The reason protection for top-tier mortgage back securities was needed in Obama’s new housing bill was because without the language in the bill protecting them, these securities could be downgraded significantly. The results of a significant downgrade could include increased capital requirements for life insurers and a need to raise capital in unsteady economic times. While this seems to be a “rich person’s” issue, the truth is if this protection wasn’t included in the new Obama housing plan, every American could start seeing problems with their life insurance and getting insured would be even more difficult than ever before. Thus, it was essential to add this protective component into the language of this recently House-approved bill. 

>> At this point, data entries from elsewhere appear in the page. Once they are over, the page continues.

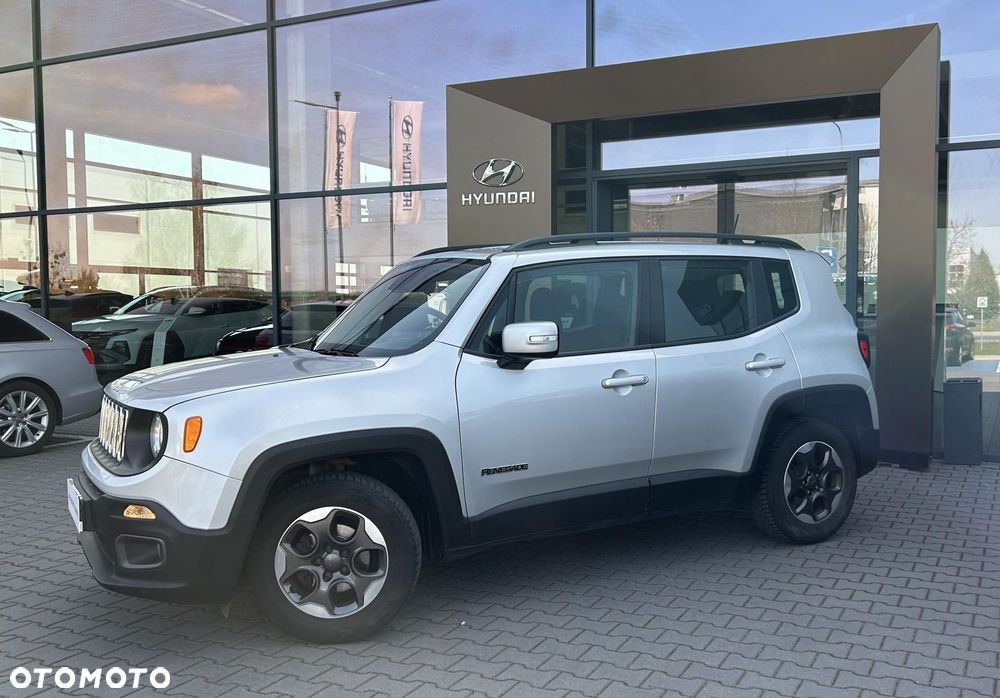 Jeep Renegade 1.4 MultiAir Longitude FWD S&S - 3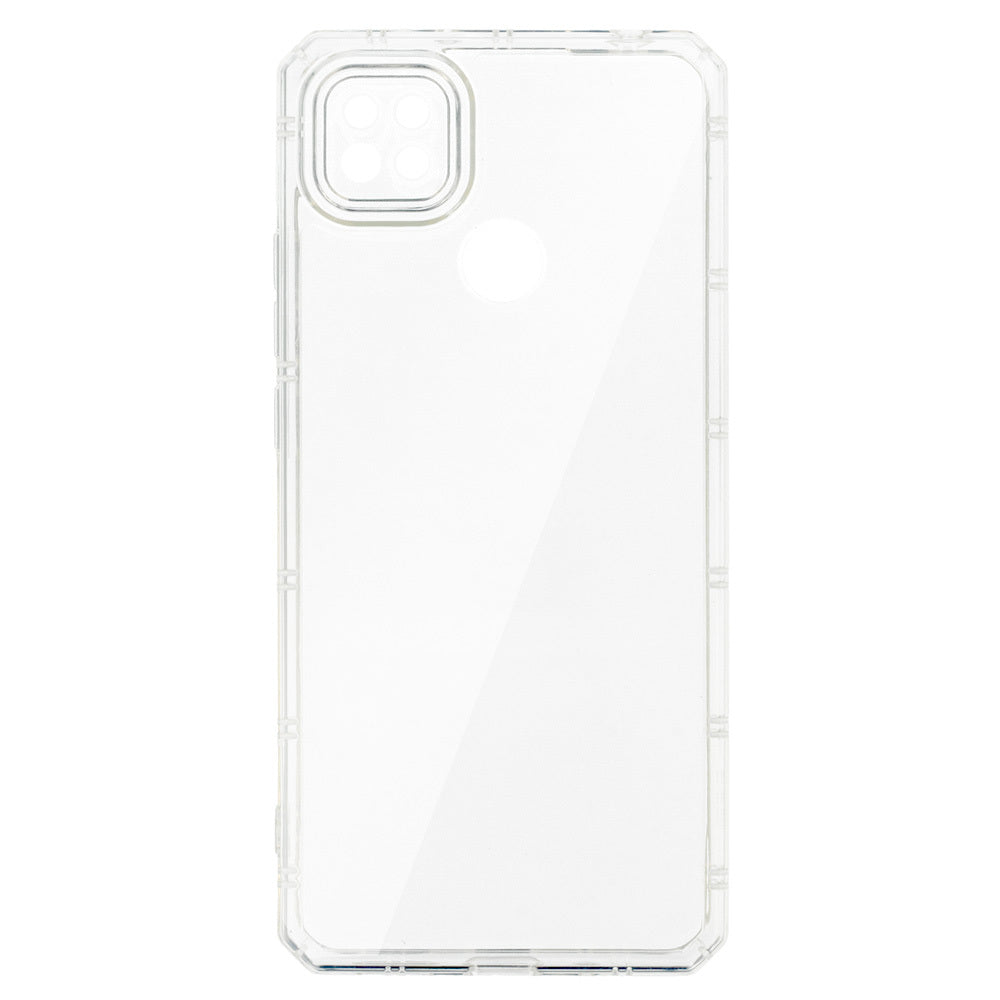Калъф – Armor Antishock – Xiaomi Redmi 10A/9C – Прозрачен
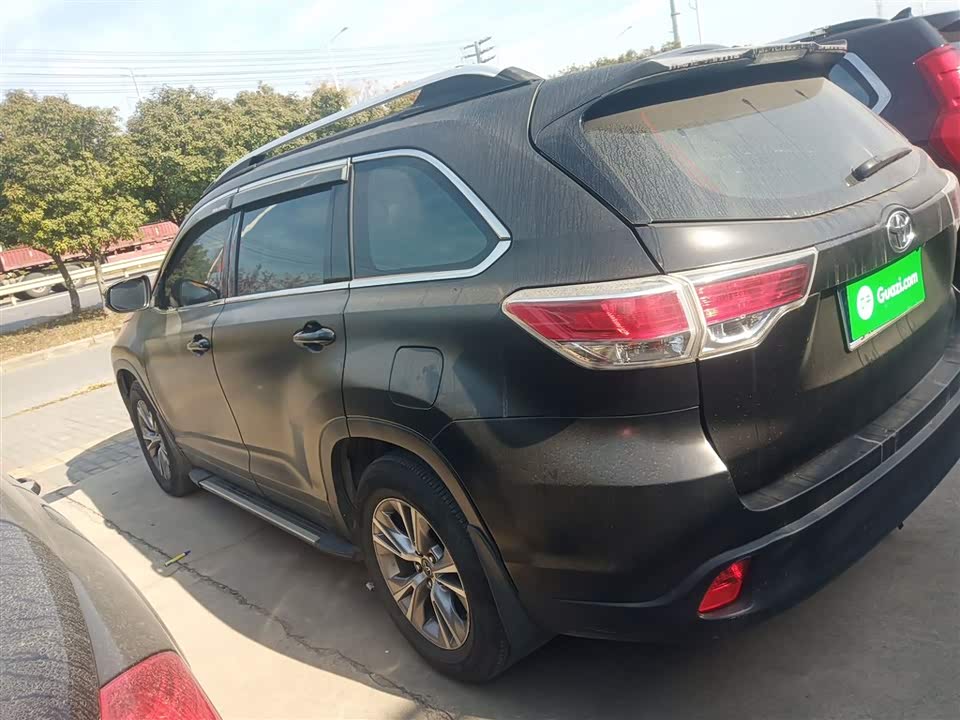 Toyota Highlander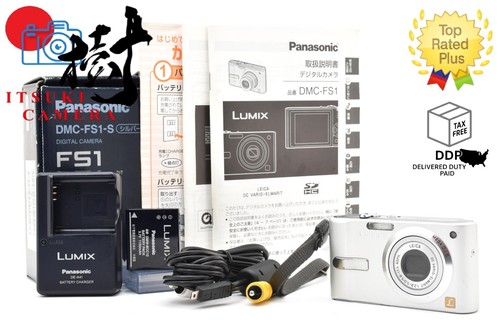 Fotocamera digitale panasonic - fotocamera,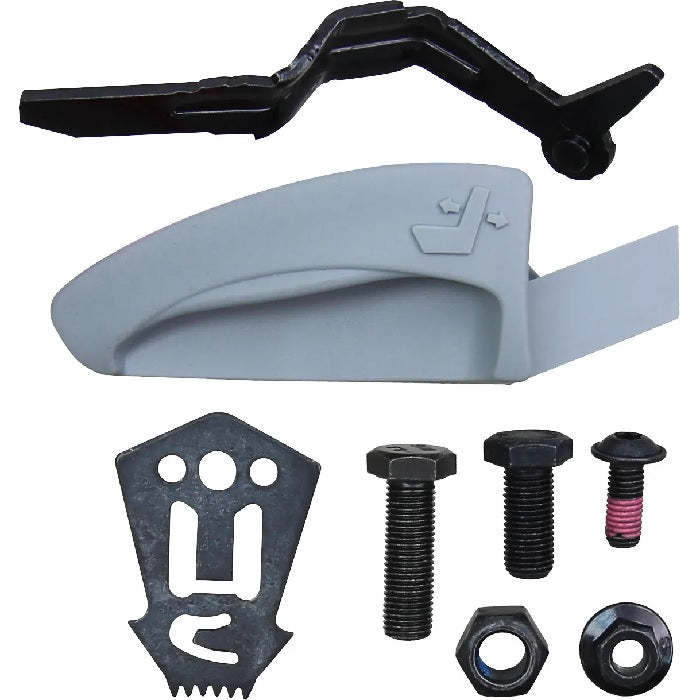 Backrest Adjustment Handle Kit for Grammer 531 Seats
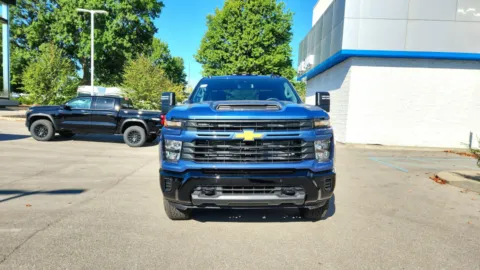 Photos of 2026 Chevrolet Silverado 2500HD Custom for sale in Florence, KY at Tom Gill Chevrolet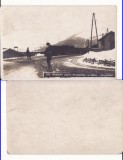 Pasul Prislop, Maramures, Bucovina -tren, razboi WWI- rara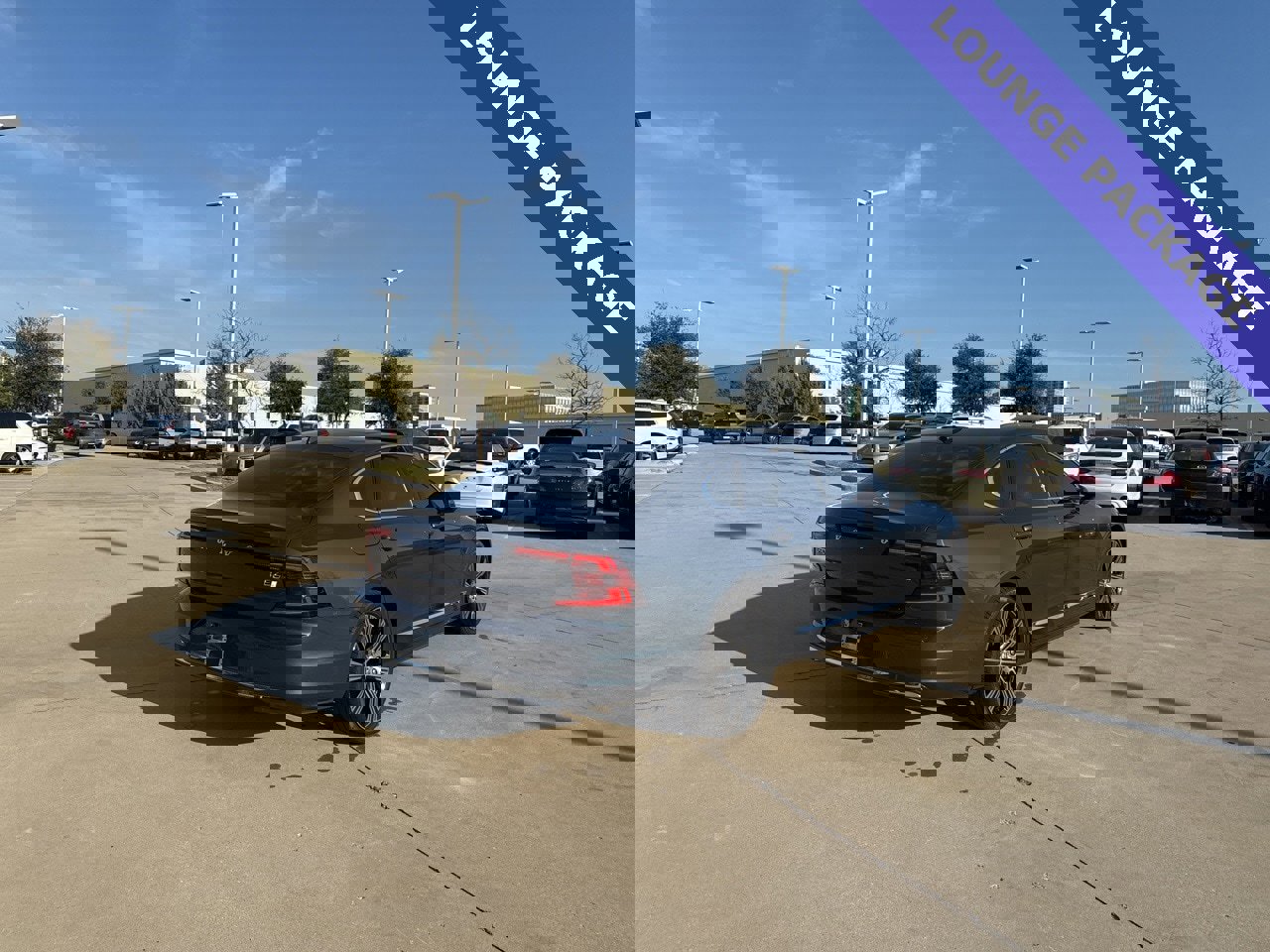 Certified 2023 Volvo S90 B6 Ultimate w/ Lounge Package image 5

While this bill may help some homeowners, those homeowners struggling to pay their mortgage right now may need immediate help. They can gain urgent assistance from The Feldman Law Center professionals by visiting These loan modification and foreclosure avoidance professionals can help negotiate with lenders and avoid home foreclosure. The services they offer are perfect for those under financial hardship and cannot pay their mortgage, those who have been a victim of predatory lending on their mortgage, owners who already have a foreclosure date or anyone who wants to avoid their credit being ruined for the next ten years due to foreclosure.

About Author
Alex is a famous author who writes about Loan Modification. FeldMan Law Center is a free resource for millions of people to find information regarding several topics related to loan modifications and resources to information.